At first, this appears to contradict what Jesus said, that he didn’t come to abolish the Law or the Prophets (where capitalized “Law” refers to the first five books of the Bible, which include the law of Moses). But Paul used a different Greek word in Ephesians, which primarily means to nullify. So did Jesus abolish the law or not? By fulfilling the Law and Prophets, Jesus made them dysfunctional or useless in believers’ lives after the cross; that is, the law’s requirements are irrelevant to Christians, though they still apply to non-believers. The purpose of the law was to expose and condemn sin (Rom. 7:7, 13), but after Christ there’s no condemnation for believers (Rom. 8:1), which exempts us from punishment under the law. This doesn’t affect God’s stance on the sanctity of human life, however. There also is no reason to believe this changes God’s general position on self-defense, though the specific provisions of the law are no longer relevant to Christians.
(End of book excerpt)
We examined many Scripture passages relevant to self-defense to avoid basing our conclusions on a few isolated verses. We saw the Bible prohibits murder, but not killing. We also saw that ownership and defensive use of weapons are permissible.
While self-defense may not always be the best choice, Scripture instructs us to always do what’s best for others.
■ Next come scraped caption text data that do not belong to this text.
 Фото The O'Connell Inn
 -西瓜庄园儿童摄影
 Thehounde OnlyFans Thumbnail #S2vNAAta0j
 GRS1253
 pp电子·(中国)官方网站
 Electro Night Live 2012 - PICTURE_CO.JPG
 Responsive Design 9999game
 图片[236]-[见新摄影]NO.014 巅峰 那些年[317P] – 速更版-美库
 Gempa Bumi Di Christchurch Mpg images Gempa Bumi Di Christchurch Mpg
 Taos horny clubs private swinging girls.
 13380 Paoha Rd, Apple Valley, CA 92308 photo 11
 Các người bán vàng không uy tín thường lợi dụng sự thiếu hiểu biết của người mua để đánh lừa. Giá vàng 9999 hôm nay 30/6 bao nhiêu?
That includes defending them and maybe even sacrificing ourselves to protect them.
The Bible clearly allows us to engage in self-defense, but there are many other factors to consider, the most important of which is our personal relationship with God. I think this reveals that God allows and even expects each of us to view self-defense differently and take different positions on the subject. We should allow others to do the same.